On the one hand, Opus-4, Grok 4 & K2 are all huge models that have a depth that screams “intelligence”. On the other hand, agentic workloads are 24/7 and so the cheaper they are, the better.
Furthermore, there’s a privacy angle. A model that runs locally is inherently more private, since the traffic never leaves your computer.
What to watch
- Mixture of Experts (MoE). e.g. K2 is huge, but only uses a very small portion (32B), which means it uses less compute than a lot of local models. This might be the secret behind o3’s 80% price drop.
- OpenAI open weights model is expected to land in a couple weeks.
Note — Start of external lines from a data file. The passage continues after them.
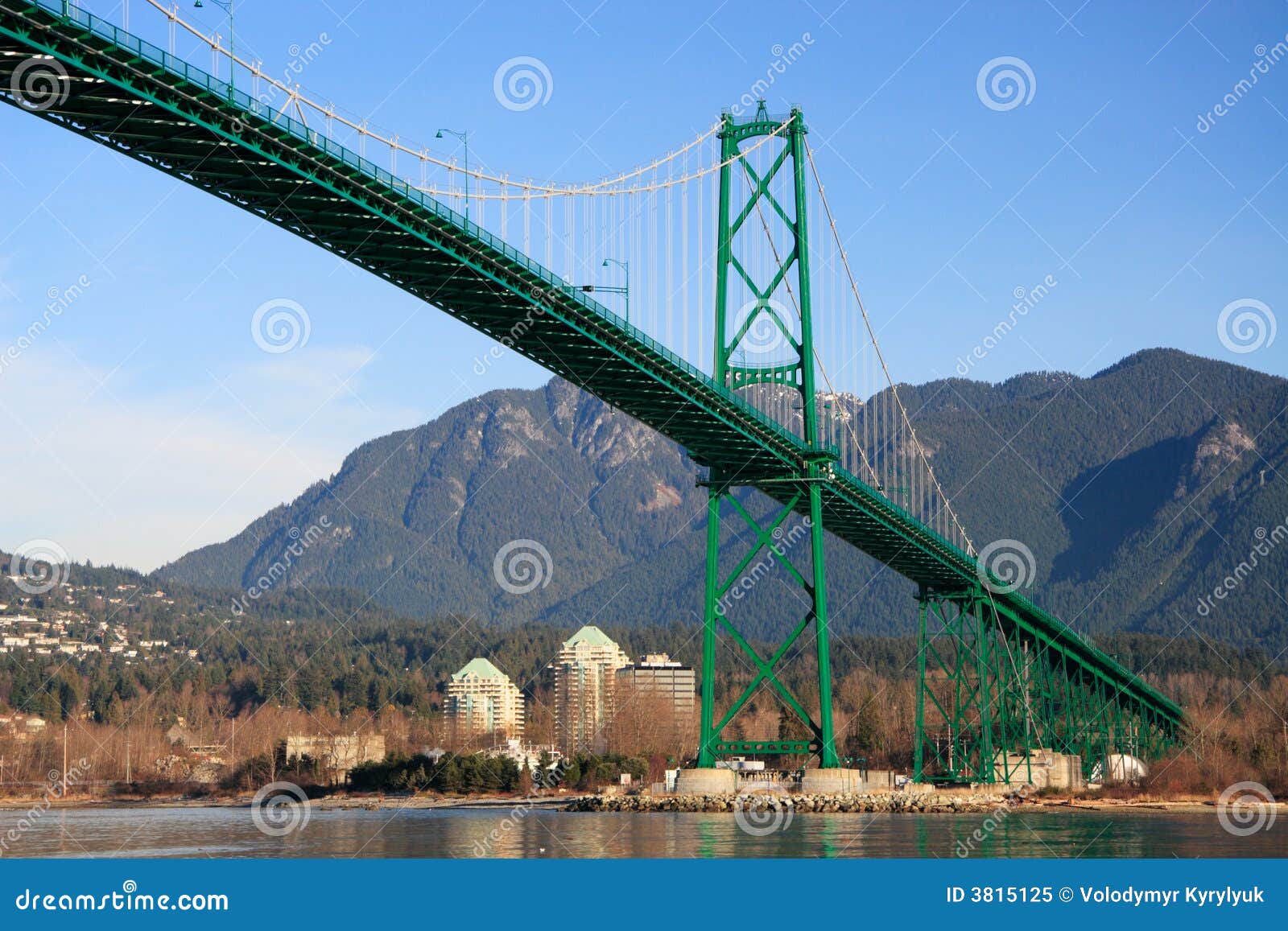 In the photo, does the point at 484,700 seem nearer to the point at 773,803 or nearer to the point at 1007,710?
the point at 1007,710

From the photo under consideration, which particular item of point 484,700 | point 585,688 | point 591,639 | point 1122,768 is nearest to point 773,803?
point 1122,768

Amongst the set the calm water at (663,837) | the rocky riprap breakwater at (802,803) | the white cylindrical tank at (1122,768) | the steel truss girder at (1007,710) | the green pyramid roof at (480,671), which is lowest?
the calm water at (663,837)

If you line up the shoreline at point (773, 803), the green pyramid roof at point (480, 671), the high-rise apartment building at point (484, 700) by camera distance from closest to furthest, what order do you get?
the shoreline at point (773, 803) → the high-rise apartment building at point (484, 700) → the green pyramid roof at point (480, 671)

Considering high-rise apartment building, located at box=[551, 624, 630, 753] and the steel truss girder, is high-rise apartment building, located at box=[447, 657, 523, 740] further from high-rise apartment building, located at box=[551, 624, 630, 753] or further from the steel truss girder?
the steel truss girder

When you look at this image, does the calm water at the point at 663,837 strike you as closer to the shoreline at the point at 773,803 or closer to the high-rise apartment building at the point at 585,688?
the shoreline at the point at 773,803

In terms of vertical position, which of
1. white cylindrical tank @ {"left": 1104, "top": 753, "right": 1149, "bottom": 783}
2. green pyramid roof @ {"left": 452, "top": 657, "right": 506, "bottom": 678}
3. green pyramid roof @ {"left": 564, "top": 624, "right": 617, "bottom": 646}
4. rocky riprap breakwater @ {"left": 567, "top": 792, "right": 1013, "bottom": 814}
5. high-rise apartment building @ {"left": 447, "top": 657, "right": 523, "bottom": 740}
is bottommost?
rocky riprap breakwater @ {"left": 567, "top": 792, "right": 1013, "bottom": 814}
It likely will run on a laptop and match at least o3-mini (Jan 31).
- GPT-5, expected this fall, is described to be a mix huge & tiny, applying the right strength at the right time
Context engineering & Sycophancy
The biggest shifts this year have arguably been not in the model but in engineering. The flagship change is the emergence of the term context engineering as replacement for prompt engineering.
It’s an acknowledgement that “prompt” isn’t just a block of text. It also comes from tool documentation, RAG databases & other agents. The June multi-agent debate was about how managing context between agents is really hard.
Also, while some are saying, “don’t build multi-agents”, Claude Code launches subagents all the time for any kind of research or investigation task, and is the top coding agent right now.
Similarly, sycophancy causes instability in agents. Many are considering it a top problem, on par with hallucination.
What to watch
- Memory — stateful agents (e.g. those built on Letta) are phenonomally interesting but are difficult to build. If done well, it solves a lot of context engineering.
- Engineering blogs. As we gain more experience with these things, it’ll become apparent how to do it well.
Going forward…
And all that is seriously skipping over a lot. Generally, ‘25 has shifted more time into engineering (instead of research). Alternately, model development is starting to become product development instead of just research.
What will happen in the second half of ‘25? Not sure, but I can’t wait to find out.